I kept going back. When I got medical assistance I started seeing him for everything, as he moved in an associate for non-gynecological problems. I developed pain in my arms and knees; they introduced me to acupuncture. With the many gynecological issues that can come up with someone on the Pill, with migraines, and an active sexual life, I saw my doctors a lot. I even introduced my other female housemate to the practice. Then I finished school, said my goodbyes, and moved away. Whenever I had a good gynecological experience, or a not-so-good one, I thought of my old Penn doctor.
His name is Kermit Barron Gosnell.
Do any of you recognize the name? Have you been following the case? I saw the name, thrown at this LJ during a discussion of abortion clinics last year by some conservative who said they were all like those run by Gosnell in Philadelphia. The name just isn't that common. I searched it. And there was my old friend's face. The charges and the information were sickening. The discovery that none of his staff were qualified to carry out their duties was horrifying. The scale--two clinics and years of operations--makes my head spin.

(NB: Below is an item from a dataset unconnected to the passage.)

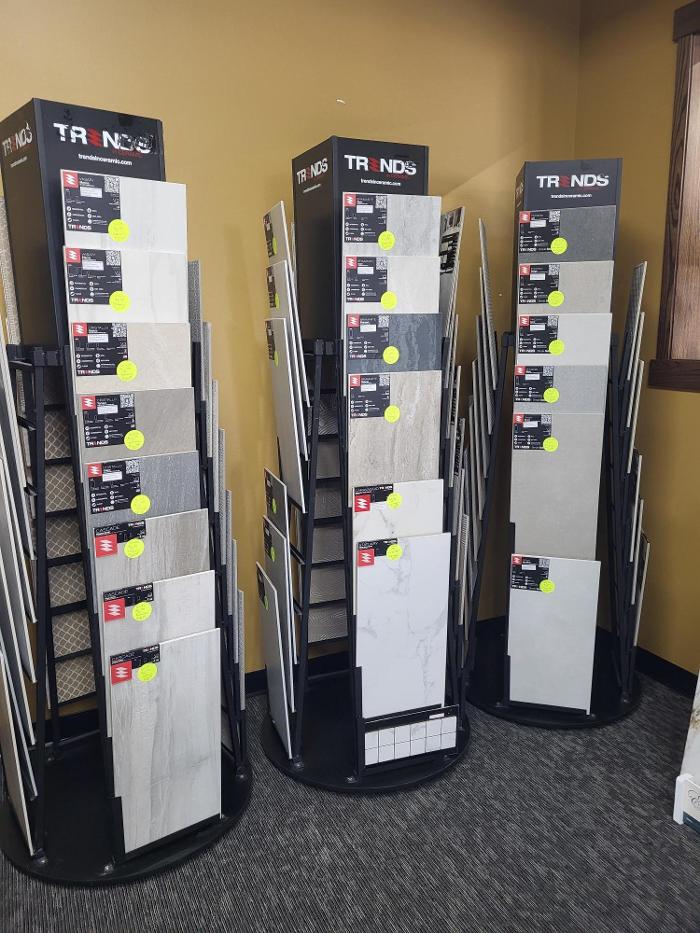 Davis Home Furnishings & Flooring Image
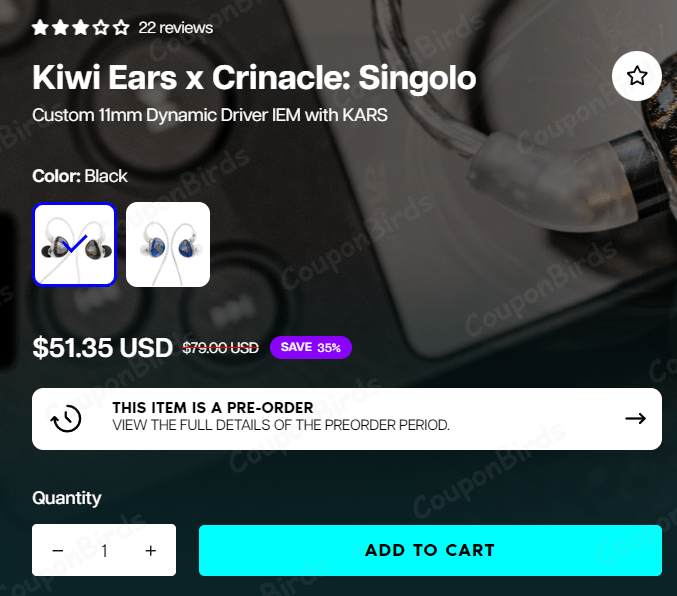 Unlock 50 Off Linsoul Discount Code In Aug 2024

I thought we--the clinic, my feminist friend and I--were all on one side. I knew the clinic performed abortions; it's one of the reasons I chose it. (Hey--you never know.) I believe, I thought Gosnell believed, that women had a right to safe abortions performed by trained professionals in a clean setting. What I read made me sick. It should have made me sick. And now that the verdict is in, I know that it's true. A woman died of bad care. Viable babies were killed. Instruments and the setting were not clean; disposal was not respectful or sanitary; workers were not trained. It is our nightmare of pre-Roe v. Wade abortions, except this was supposed to have been legal. Gosnell had made enough from his operations, and his dealings in painkillers, to run two such clinics. This whole rats' nest was exposed by Feds tracking down the drug selling operation. They get their whack at him this fall--his time on trial isn't over.
I kept wanting to post about this here, but I couldn't think of what to say. I keep wondering if I ought to reach out to my old friends from that time and ask if they know and what they think, but I can't. That place, those people, were so good. I thought something positive was beginning there, not so much for university girls deprived of student health, but for the population of West Philadelphia. I had never had a comfortable relationship with doctors before. They were always hostile authority figures who despised my family because we were on welfare, even us kids. Gosnell and his people made medical care something relaxed.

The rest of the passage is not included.